Ainsi, dès le 1er janvier 2013, la majoration mensuelle de 0,5% accordée sur les rentes demandées après l'âge de 65 ans passera à 0,7%. De l'autre côté, ceux qui désirent prendre leur retraite avant cet âge honorable verront la réduction mensuelle des prestations du Régime des rentes du Québec passer graduellement de 0,5% à 0,6% sur une période de 3 ans, et ce, dès janvier 2014.

Désirant tâter le pouls des travailleurs à la suite de cette annonce, l'Ordre des conseillers en ressources humaines agréés a commandé un sondage CROP, qui a été réalisé auprès de 501 répondants. Et les résultats sont surprenants: 33% affirment que les nouvelles dispositions les incitent à prolonger leur présence sur le marché du travail. Alors que 45% songeaient à quitter leur emploi avant 65 ans, ils ne sont plus que 6% à le faire, et près de 26% (contre 9% avant) pensent même à prendre leur retraite après 70 ans. Selon les résultats, l'âge moyen de la retraite passerait ainsi de 63 à 66,7 ans.

«Évidemment, ce sont des intentions, mais les chiffres nous ont tout de même étonnés, avoue Florent Francoeur, CRHA, président-directeur de l'OCRHA. Ce qui est clair, c'est que, de plus en plus, les travailleurs sont portés à considérer l'option de demeurer plus longtemps sur le marché du travail, ce qui est une très bonne nouvelle pour l'économie québécoise.»
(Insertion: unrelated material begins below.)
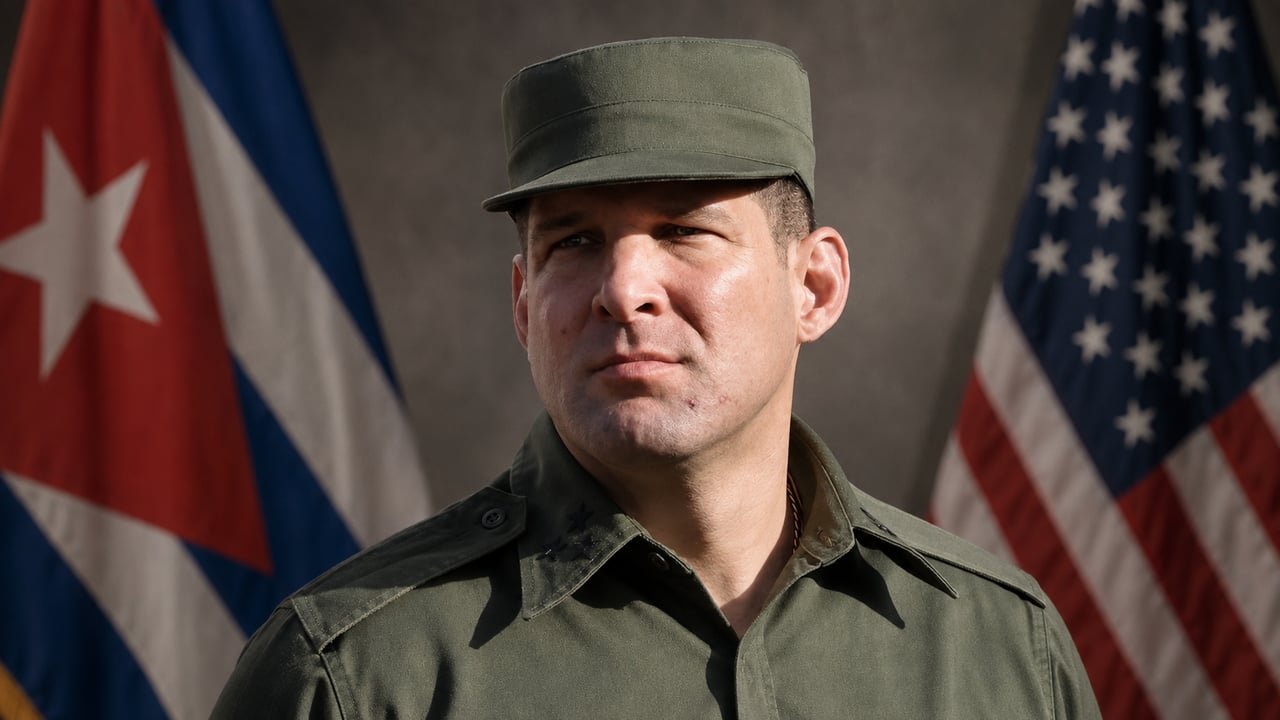 Raúl Guillermo Rodríguez Castro, El Cangrejo, ante banderas de Cuba y Estados Unidos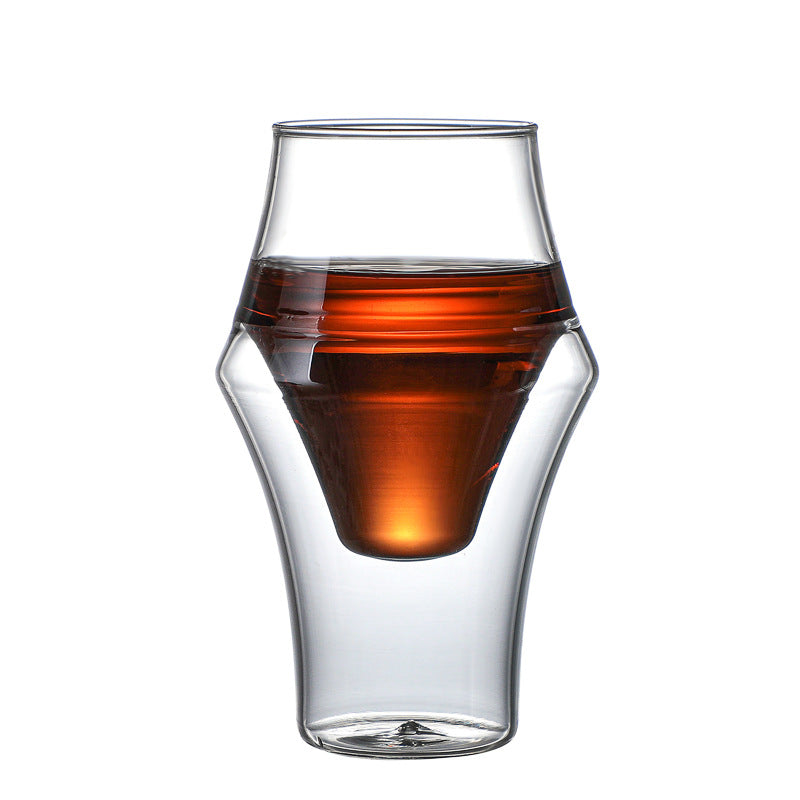 Manufacturers supply new double-layer single-mouth coffee cup sharing pot set high borosilicate heat-resistant glass cup spot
Pour Roch Laflamme, professeur à l'Université Laval spécialisé dans le vieillissement de la main-d'oeuvre, les résultats sont très surprenants, d'autant plus que les pénalités prévues par le ministre ne sont pas «majeures». «Pour moi, c'est un choc. D'après les études que nous avons faites de notre côté, 40% des gens veulent prendre leur retraite avant 65 ans, 30% à 65 ans, 20% entre 65 et 70 ans et 10% après 70 ans. Ce serait un changement sociétal radical. Je n'ai jamais vu une telle variation en 35 ans de métier; il y a peut-être un peu de «wishful thinking» dans ces réponses», nuance-t-il.
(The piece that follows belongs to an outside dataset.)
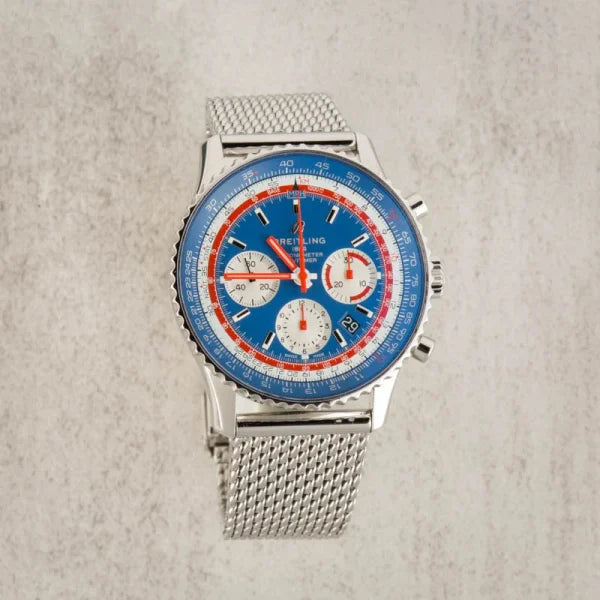 Breitling – AB01212B1C1A1 Navitimer 1 B01 Chronograph 43 Stainless Steel / Airline Editions Pan Am / Mesh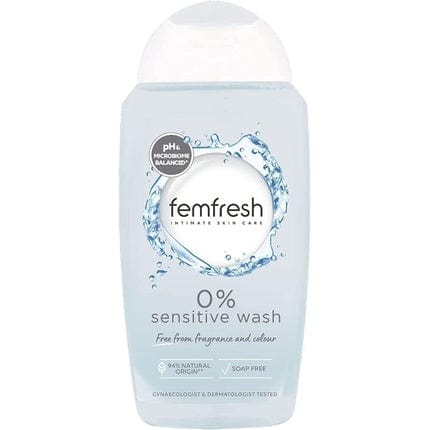 Femfresh 0% citlivá intimní mytí ženské hygienické sprchy a lázeňský gelový čistič 250 ml borůvek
Quoi qu'il en soit, ces chiffres reflètent tout de même une situation bien réelle: il est désormais révolu, le temps de la liberté 55, croit M. Laflamme. «Il y a quelques années, les employeurs mettaient tout le monde de 55 ans et plus à la porte, souvent pour réduire leur masse salariale. Mais en agissant ainsi, on a réduit les caisses de retraite des régimes. Et c'est sans compter la crise, où les taux d'intérêt des fonds ont dramatiquement chuté.»
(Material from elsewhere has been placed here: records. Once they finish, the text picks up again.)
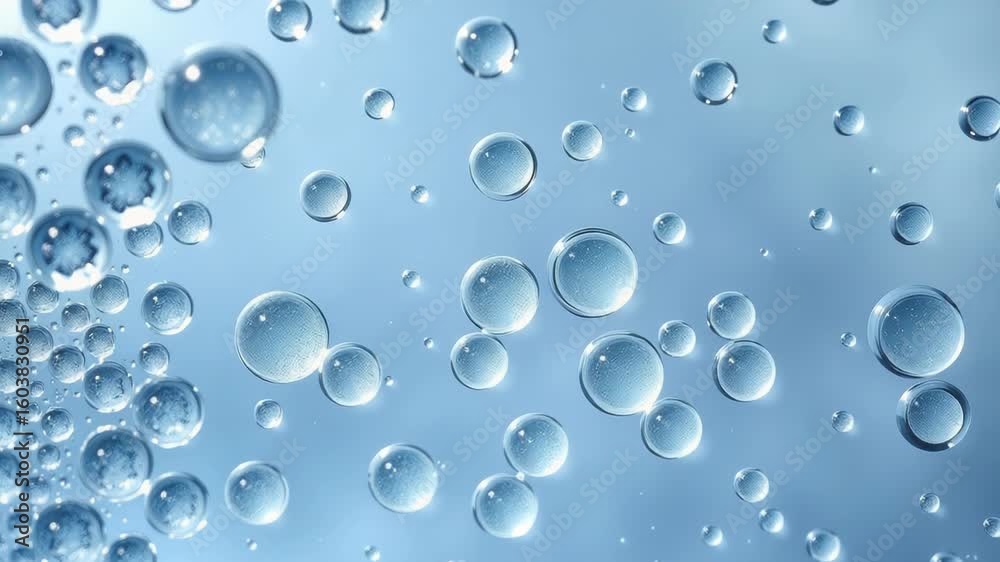Poster a mesmerizing array of water bubbles creates an abstract background with a refreshing and clean text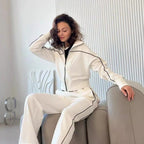 Damen nan zweiteiliges Sport-Loungewear-Set mit Stehkragen und Kontrastpaspel R&B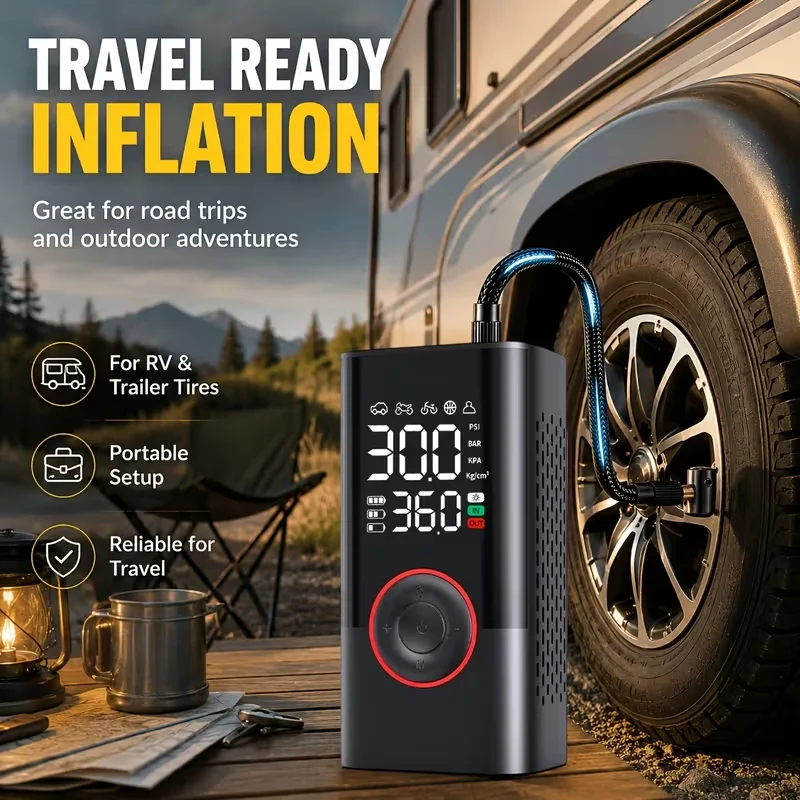 LEIBOO Compresor de Aire Portátil de 150 PSI, Bomba de Aire Inalámbrica, Inflador de Neumáticos Eléctrico, Manómetro Digital, para Coche, Bicicleta, Motocicleta y Balones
Pour regarnir leurs caisses de retraite, et devant la réalité démographique, les employeurs n'ont plus le choix de mettre en place des mesures pour inciter les travailleurs à rester: «C'est une tendance mondiale. Les baby-boomers partent de façon massive, on n'a personne pour les remplacer à court terme et il faut donner le même service à la population. Aujourd'hui, on parle plutôt de liberté 62!» ajoute M. Laflamme.

Pour garder leurs têtes blanches, les entreprises devront s'adapter: «Les employeurs devront apprendre à valoriser cette main-d'oeuvre, notamment au moyen du mentorat, et à être plus souples, en offrant du temps partiel par exemple, s'ils veulent que les travailleurs plus âgés restent en poste plus longtemps», conclut M. Francoeur.